Your task
From the line containing "2-storey Terraced House" down to the line containing "Tropical Paradise Villa", copy out the entries below exactly, both lines included, and nothing else; pictures do not belong in the copy.

··· Data records

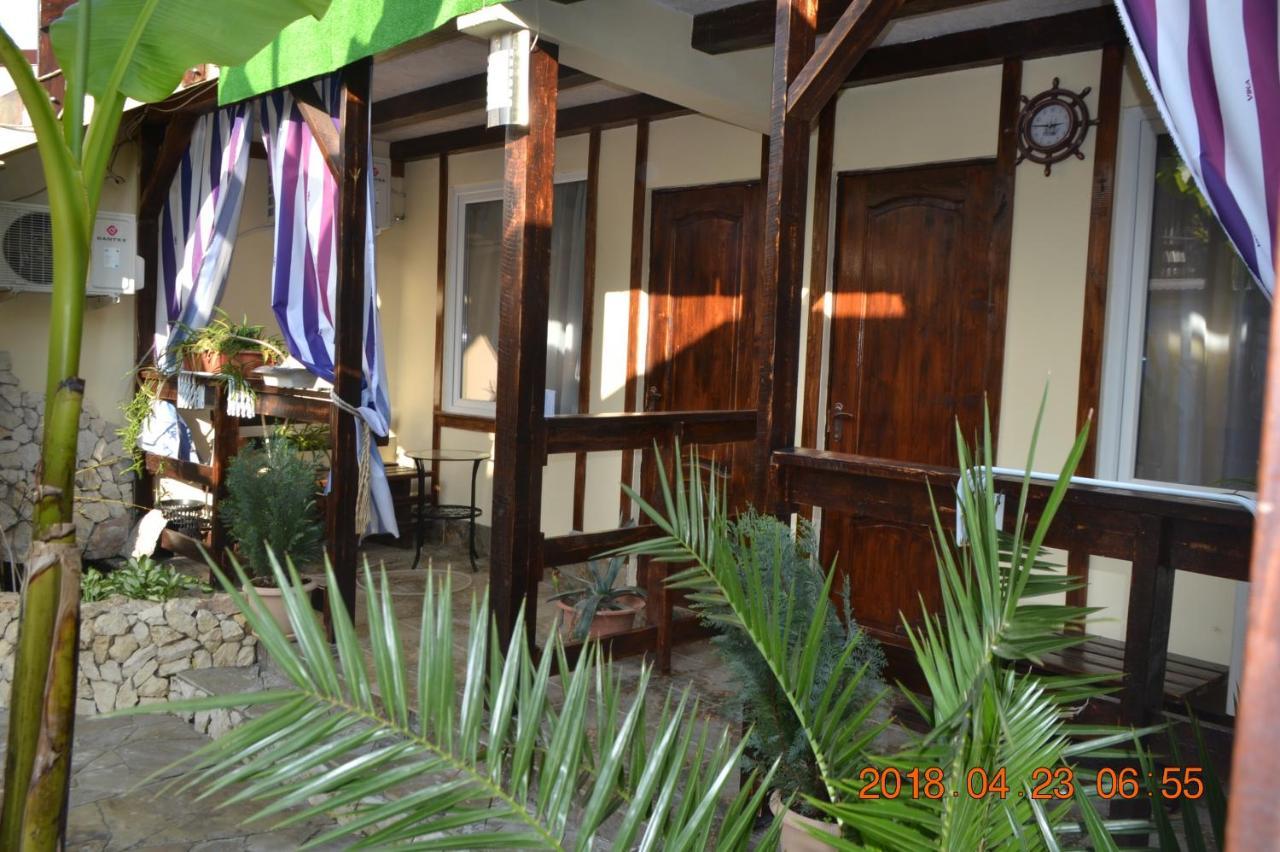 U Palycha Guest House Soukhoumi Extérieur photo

······
··· Data records

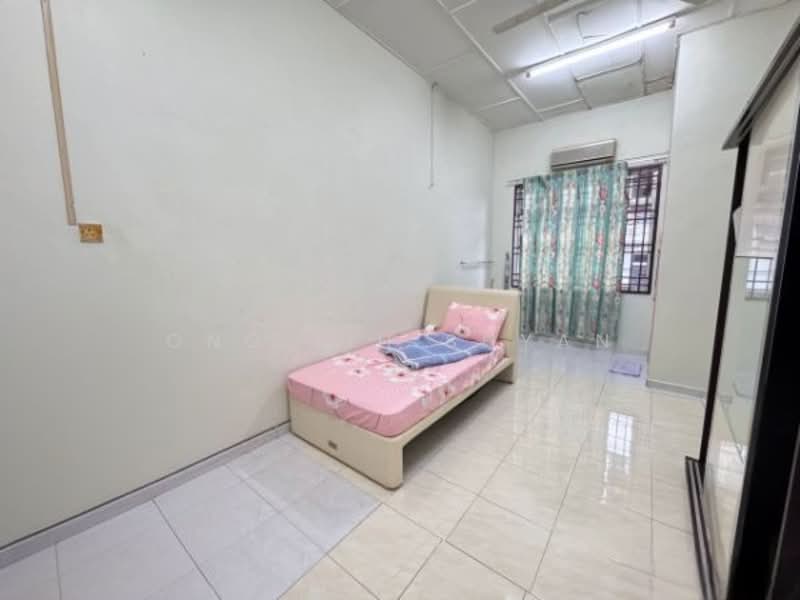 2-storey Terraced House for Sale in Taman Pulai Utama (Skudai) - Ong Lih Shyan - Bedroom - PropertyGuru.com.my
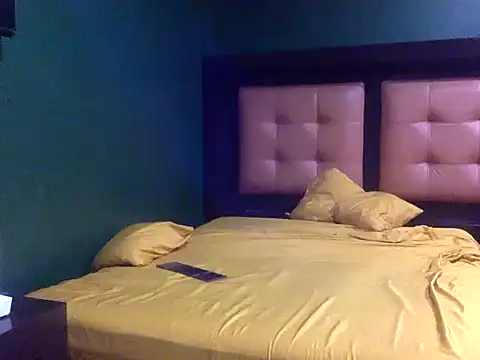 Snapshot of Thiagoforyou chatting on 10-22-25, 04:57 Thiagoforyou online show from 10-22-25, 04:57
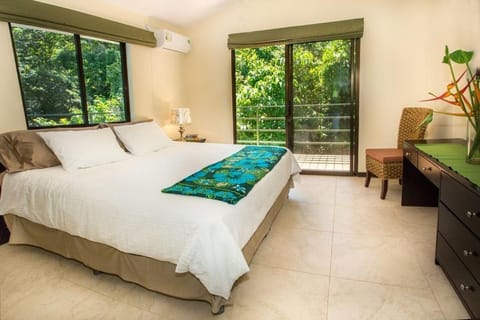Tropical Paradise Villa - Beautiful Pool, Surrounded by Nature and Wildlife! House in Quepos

······

Result of the task
 2-storey Terraced House for Sale in Taman Pulai Utama (Skudai) - Ong Lih Shyan - Bedroom - PropertyGuru.com.my
 Snapshot of Thiagoforyou chatting on 10-22-25, 04:57 Thiagoforyou online show from 10-22-25, 04:57
Tropical Paradise Villa - Beautiful Pool, Surrounded by Nature and Wildlife! House in Quepos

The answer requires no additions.